The exception is the implementation of fork(), which uses the safe points needed by the garbage collector to temporarily pause all of the threads in the program in order to prevent race conditions while forking. Fil-C inserts a safe point at every backward control-flow edge, i.e., whenever code could execute in a loop. In the common case, the inserted code just needs to load a flag register and confirm that the garbage collector has not requested anything be done. If the garbage collector does have a request for the thread, the thread runs a callback to perform the needed synchronization.

Fil-C uses the same safe-point mechanism to implement signal handling. Signal handlers are only run when the interrupted thread reaches a safe point. That, in turn, allows signal handlers to allocate and free memory without interfering with the garbage collector's operation; Fil-C's malloc() is signal-safe.

Memory-safe Linux

Linux From Scratch (LFS) is a tutorial on compiling one's own complete Linux user space. It walks through the steps of compiling and installing all of the core software needed for a typical Linux user space in a chroot() environment. Pizlo has successfully run through LFS with Fil-C to produce a memory-safe version, although a non-Fil-C compiler is still needed to build some fundamental components, such as Fil-C's own runtime, the GNU C library, and the kernel. (While Fil-C's runtime relies on a normal copy of the GNU C library to make system calls, the programs that Fil-C compiles use a Fil-C-compiled version of the library.)
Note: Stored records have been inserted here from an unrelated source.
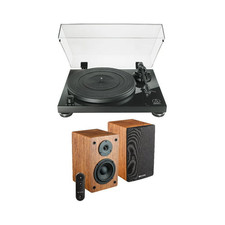 Audio Technica At Lpw50pb Manual Belt Drive Turntable W Speakers Bundle
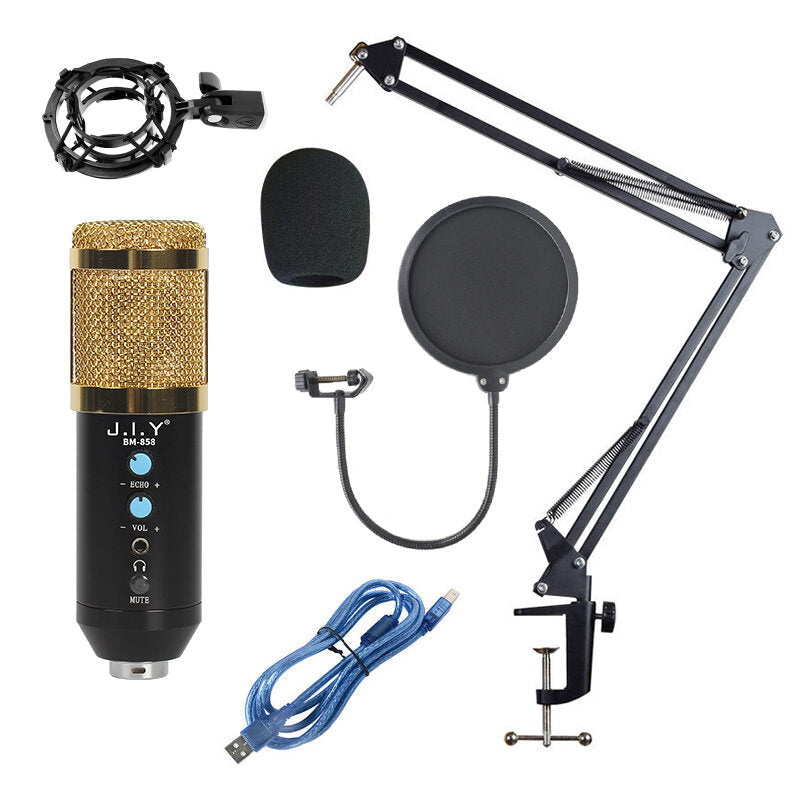 USB Condenser Microphone Hi-Fi Noise Reduction Reverberation Volume Adjustable Recording Studio Wired for Computer Broadcasting YouTube Gaming Meeting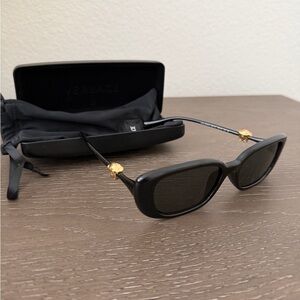 Versace Black Sunglasses with Gold Details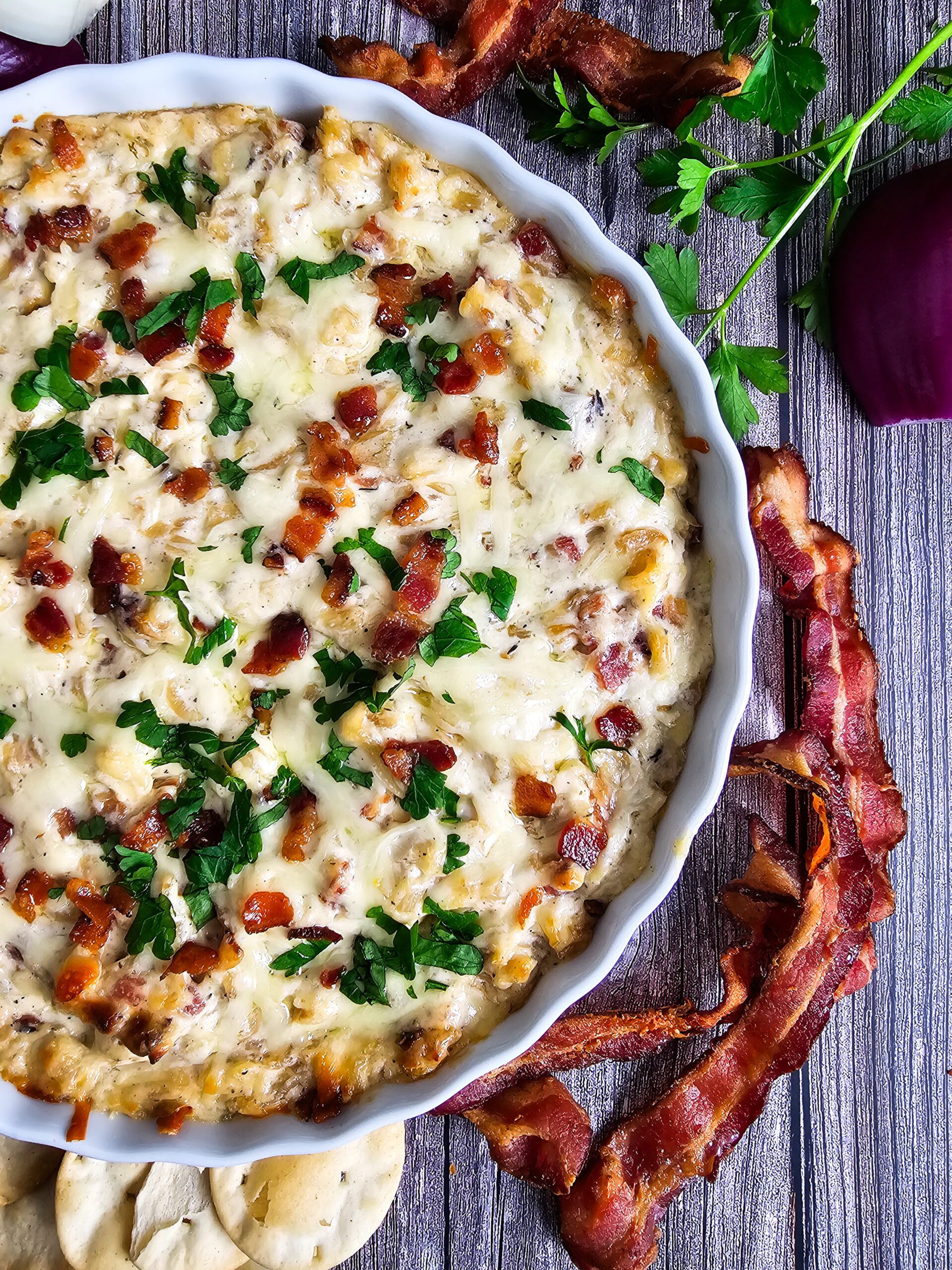 BAKE FOR 15 MINUTES UNTIL THE CHEESE GETS MELTY AND WARM.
The process is mostly identical to LFS up through the end of chapter 7, because everything prior to that point consists of using cross-build tools to obtain a working compiler in the chroot() environment. The one difference is that the cross-build tools are built with a different configured prefix, so that they won't conflict with Fil-C. At that point, one can build a copy of Fil-C and use it to mostly replace the existing compiler. The remaining steps of LFS are unchanged.

Scripts to automate the process are included in the Fil-C Git repository, including some steps from Beyond Linux From Scratch that result in a working graphical user interface and a handful of more complicated applications such as Emacs.

Overall, Fil-C offers a remarkably complete solution for making existing C programs memory-safe. While it does nothing for undefined behavior that is not related to memory safety, the most pernicious and difficult-to-prevent security vulnerabilities in C programs tend to rely on exploiting memory-unsafe behavior. Readers who have already considered and rejected Fil-C for their use case due to its early performance problems may wish to take a second look — although anyone hoping for stability might want to wait for others to take the plunge, given the project's relative immaturity. That said, for existing applications where a sizeable performance hit is preferable to an exploitable vulnerability, Fil-C is an excellent choice.